Black Mountain College Community Bulletin College Year 10 Bulletin 25 Tuesday, April 13, 1943

Date
1943
Century
20th century
Medium & Support
Ink on paper
Object Type
Archival Documents
Credit Line
Black Mountain College Collection, gift of Barbara Beate Dreier and Theodore Dreier, Jr. on behalf of all generations of Dreier family
Accession Number
2017.40.101a-c
Copyright
In Copyright, Educational Use Permitted
Courtesy of the Theodore Dreier Sr. Document Collection, Asheville Art Museum
Description

BLACK MOUNTAIN COLLEGE COMMUNITY BULLETIN
College Year 10 Bulletin 25
Tuesday, April 13, 1943
CALENDAR
The students will meet in the Lobby of North Lodge this evening at 7:00 o’clock.

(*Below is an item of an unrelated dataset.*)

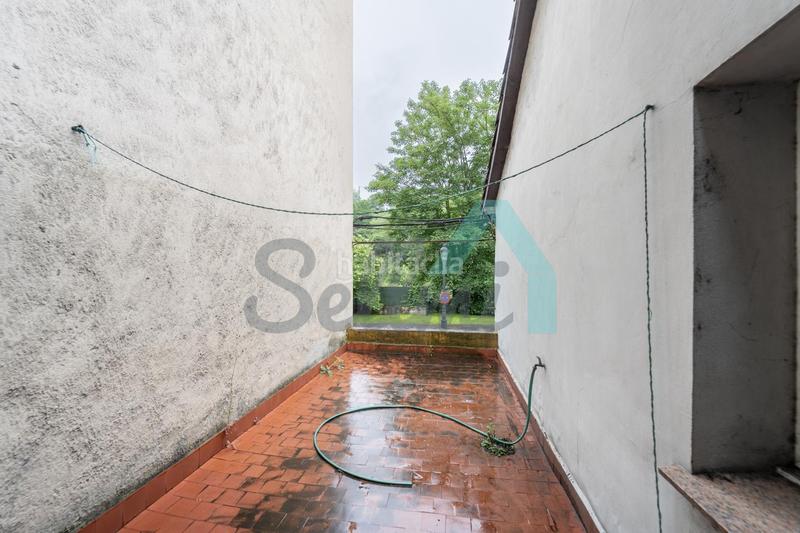 Foto cdaa4501-a91b-4ae2-aac4-33b5dae406a3. Casa aparellada amb calefacció aparcament a San Claudio - Trubia - Las Caldas Oviedo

The Faculty and the Student Officers will meet on Wednesday afternoon, April 14, in the Kocher Room at 4:30 o’clock.
Barney Voigt will talk on Wednesday evening at 6:30 o’clock in the Dining Hall on “The Italian Gardens of the Renaissance”.
Trudi Straus, accompanied by Dr Jalowetz at the piano, will play Brahms Violin Sonata in G Major WWNC on Friday afternoon, April 16, 2:30-3:00. On the following Friday afternoon Dorothy Trayer and Frederic Cohen will give the Black Mountain College radio program. The major work on their concert will be the A Flat Major Variations by Schubert.

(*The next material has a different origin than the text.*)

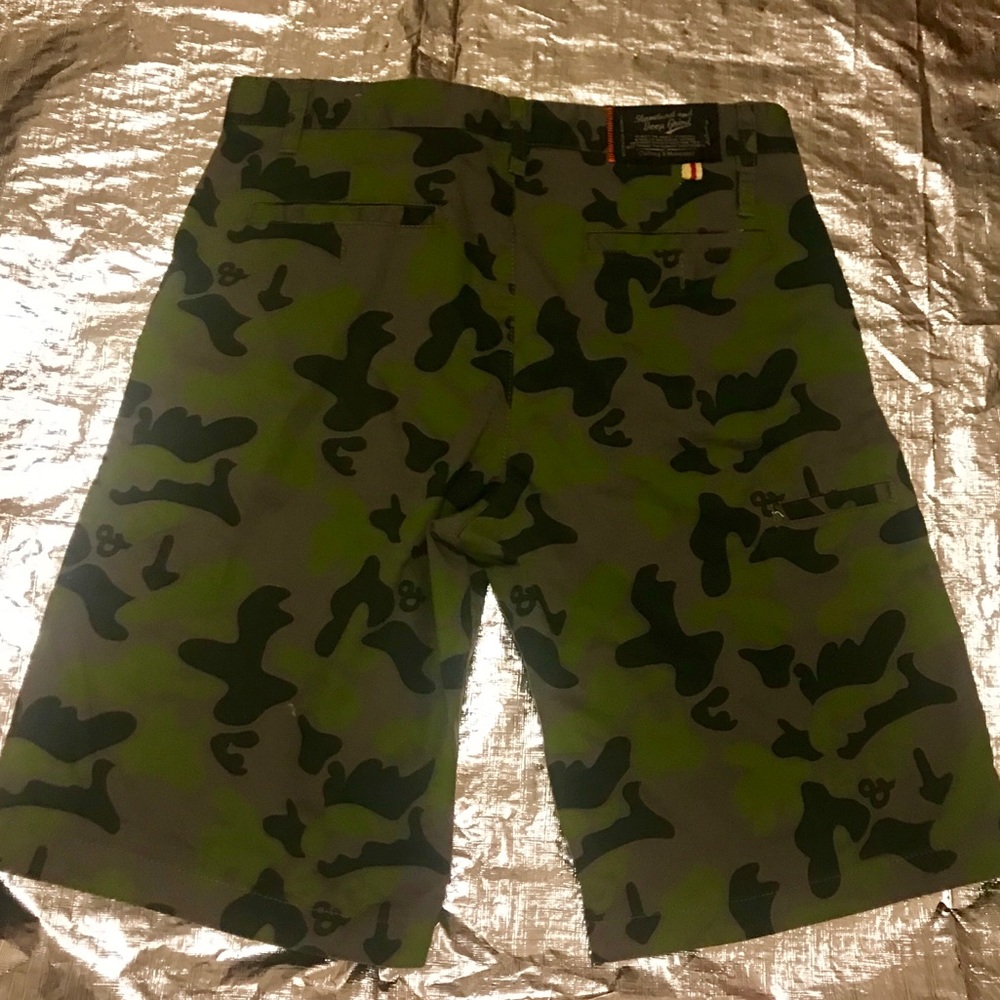 Standard & grind size 34 army pants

There will be concert in the Dining Hall on Saturday evening at 8:00 o’clock. Gretel and Edward Lowinsky will play Beethoven’s Frunling Sonata and Trudi Straus and Heinrich Jalowetz will play Brahms’ Violin Sonata in G major. There will be no concert the following Saturday evening.

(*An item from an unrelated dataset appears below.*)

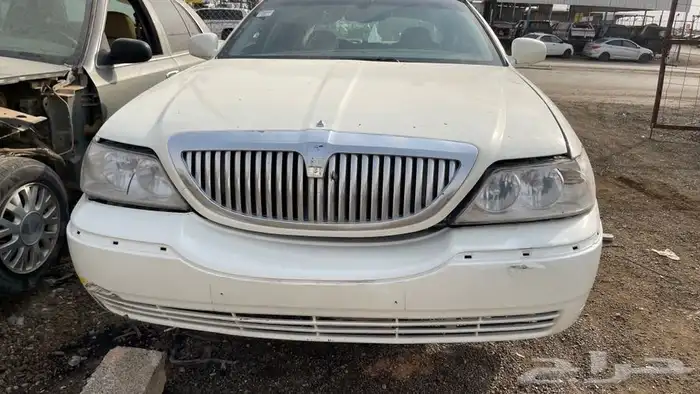 قطع غيار لينكون تاون كار جميع الموديلات 5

Miss Eunice Century will talk on Sunday evening on “A State and Its Children” in Study 10 at 7:00 o’clock.
The Nineteenth Century class will read the two Strindberg plays, “Miss Julia” and “The Spook Sonata” on Sunday evening, beginning at 8:00 o’clock, in the Bentley apartments.
Erik Haugaard will give the next Monday evening (6:45) news summary and commentary.
ANNOUNCEMENTS
Ted Dreier left on Monday on a business trip for the College.
“The Elves and the Shoemaker” by Charlotte Chorpenning has been selected as the children’s play to be given by Black Mountain College in Asheville at the Plaza Theater on Saturday morning, May 15. The cast of the play includes Aurora Cassotta in the leading role of Widget, an elf; Nancy West, Ruth Miller, Betty Kelley, Jeanne Wacker, Faith Murray, Shirley Allen, Mary Brett, Tanya Sprager, Suzanne Smith, Barbara Pollet, Junelaine Smith and Larry Fox. The play is now being produced in the Children’s Theater in Chicago.
The Interracial Conference, sponsored by the National YMCA and YWCA, will be held at Talladega College instead of at Lake Eden, in June.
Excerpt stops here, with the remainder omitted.